* Information supplied:
################

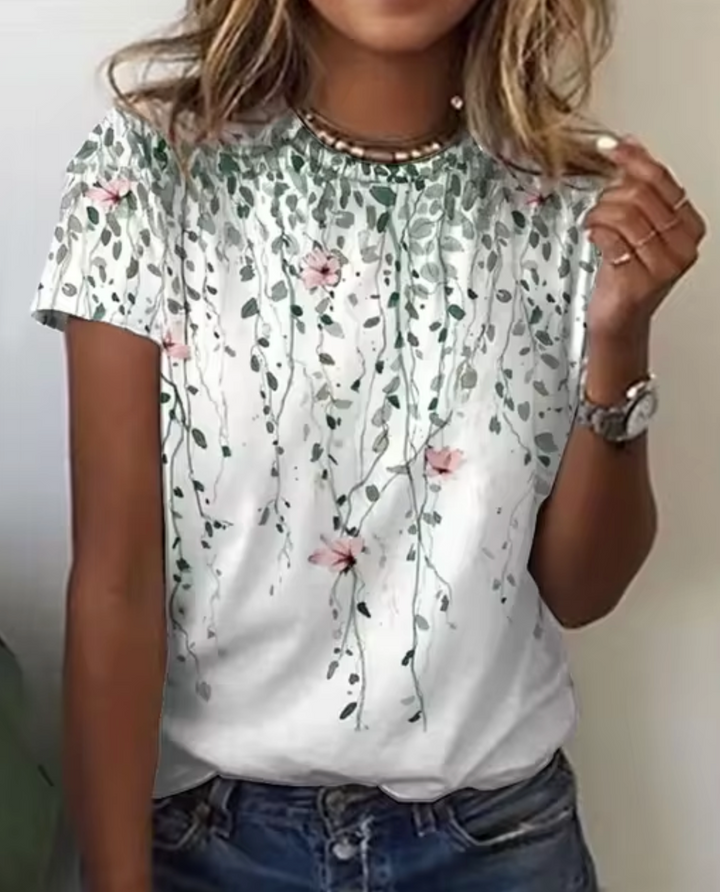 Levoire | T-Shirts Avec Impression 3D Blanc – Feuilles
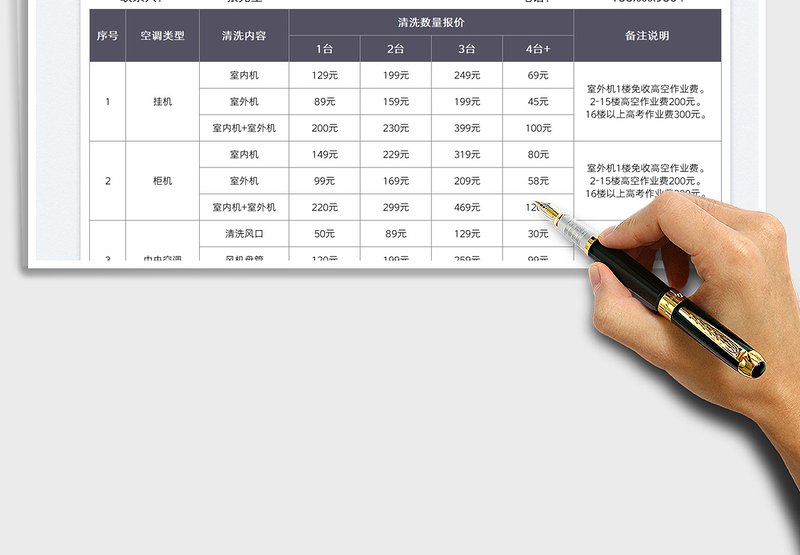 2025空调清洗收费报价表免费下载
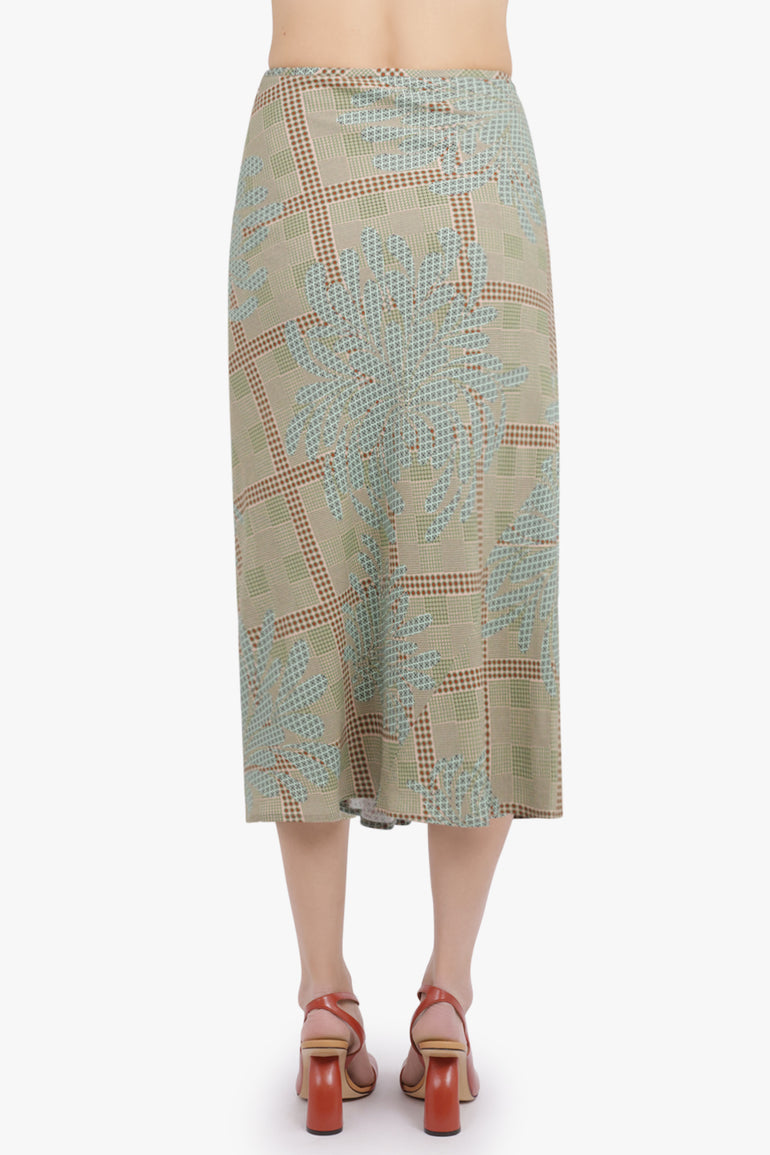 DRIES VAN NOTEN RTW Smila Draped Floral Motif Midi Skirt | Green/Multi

################

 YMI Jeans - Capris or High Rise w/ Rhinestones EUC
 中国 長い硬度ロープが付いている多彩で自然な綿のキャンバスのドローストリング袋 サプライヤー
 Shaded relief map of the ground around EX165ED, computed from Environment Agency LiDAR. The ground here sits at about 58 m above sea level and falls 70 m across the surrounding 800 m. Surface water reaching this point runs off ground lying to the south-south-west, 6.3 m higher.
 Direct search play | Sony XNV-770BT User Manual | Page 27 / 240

################

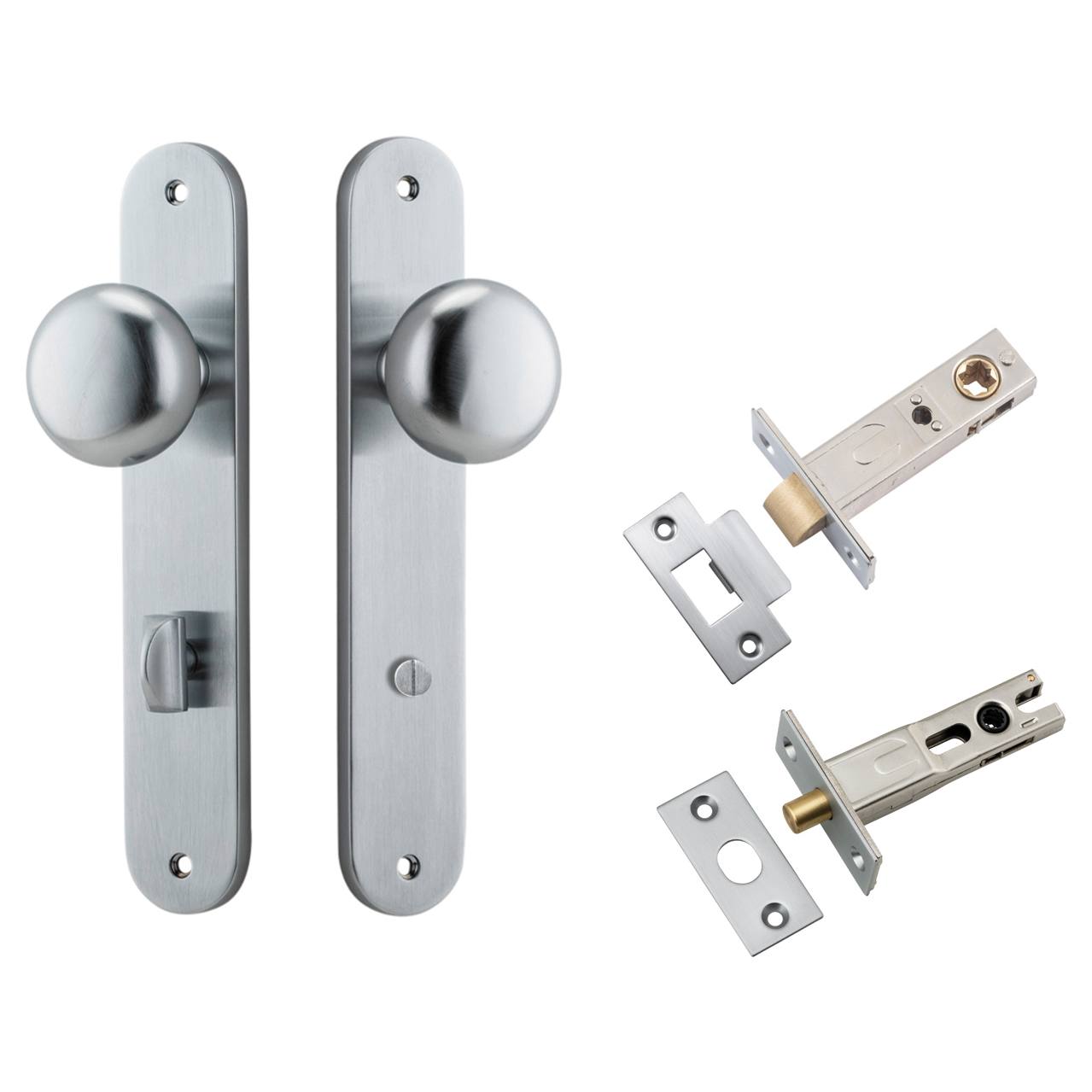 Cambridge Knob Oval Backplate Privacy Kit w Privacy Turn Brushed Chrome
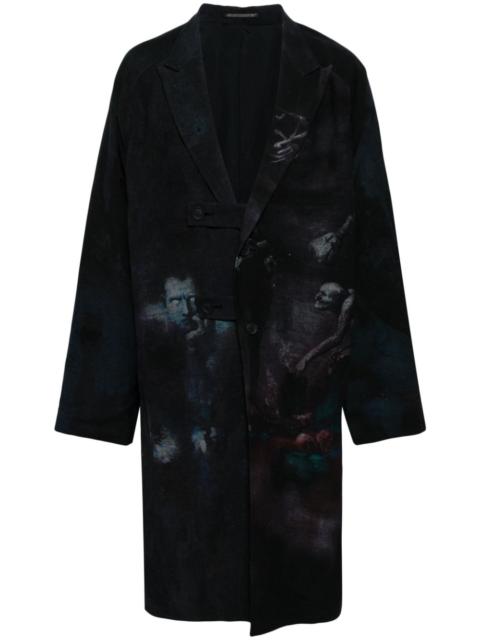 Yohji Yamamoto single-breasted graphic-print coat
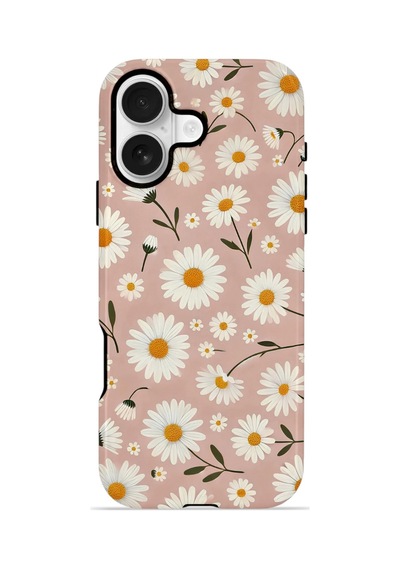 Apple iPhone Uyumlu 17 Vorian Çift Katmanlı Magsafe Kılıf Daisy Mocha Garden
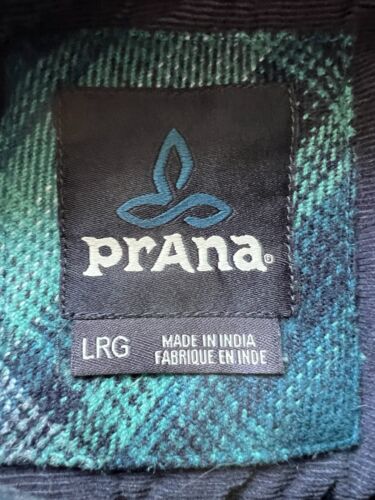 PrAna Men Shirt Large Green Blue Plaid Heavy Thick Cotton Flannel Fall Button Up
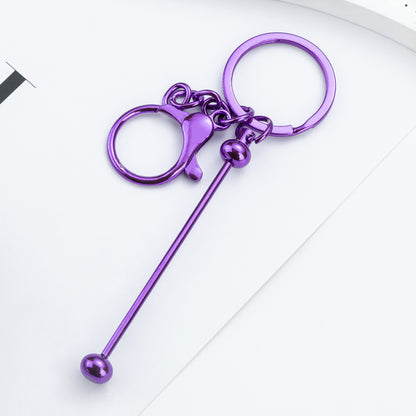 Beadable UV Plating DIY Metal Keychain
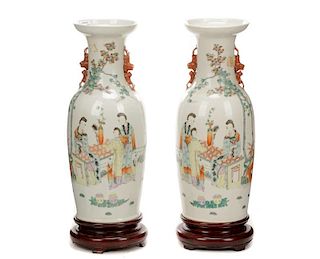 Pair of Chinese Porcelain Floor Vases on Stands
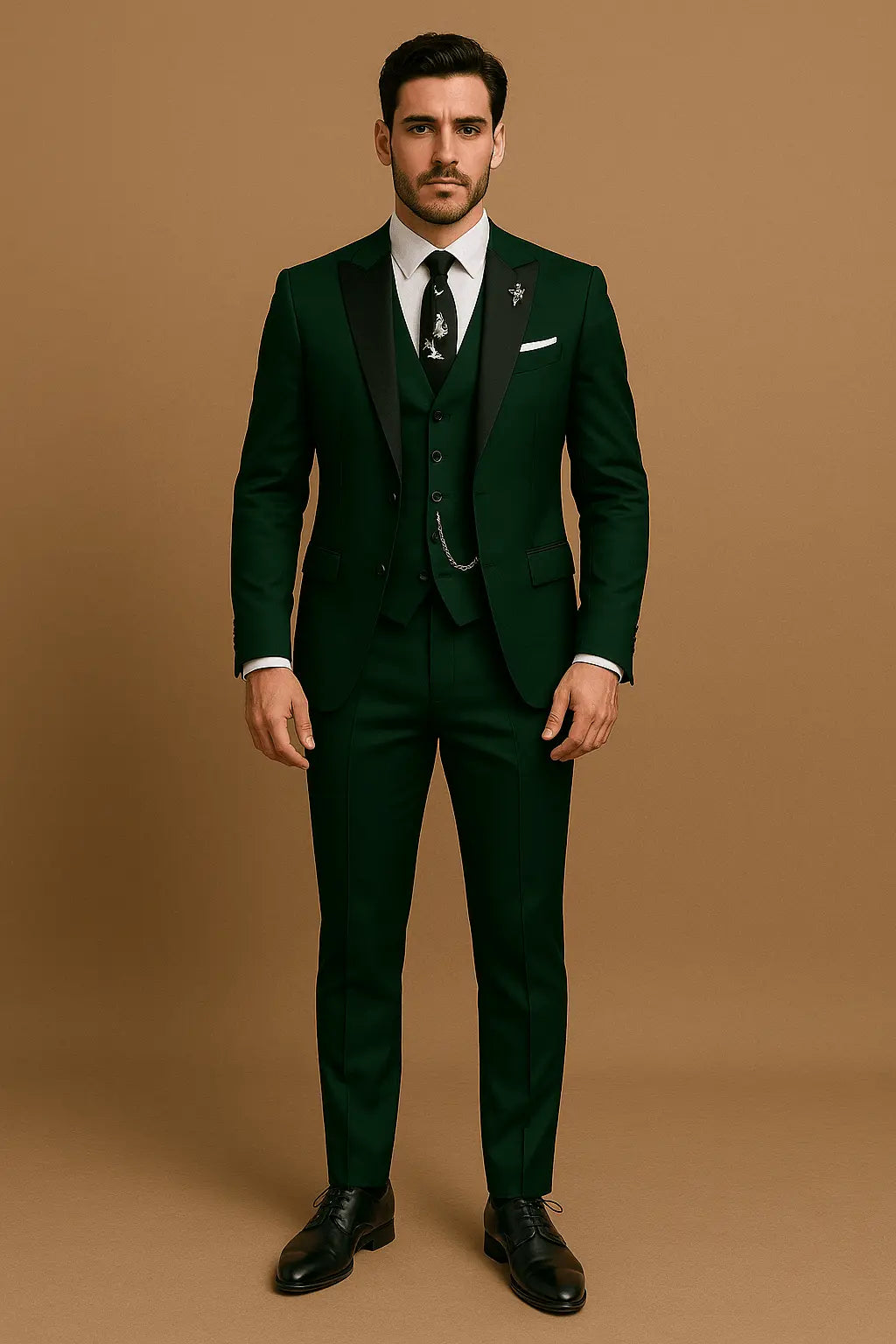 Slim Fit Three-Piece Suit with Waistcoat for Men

################

The lines above starting at the one that holds "Levoire | T-Shirts" and ending at the one that holds "DRIES VAN NOTEN" are to be written out exactly, ends included, and no pictures are to be copied.

 Levoire | T-Shirts Avec Impression 3D Blanc – Feuilles
 2025空调清洗收费报价表免费下载
 DRIES VAN NOTEN RTW Smila Draped Floral Motif Midi Skirt | Green/Multi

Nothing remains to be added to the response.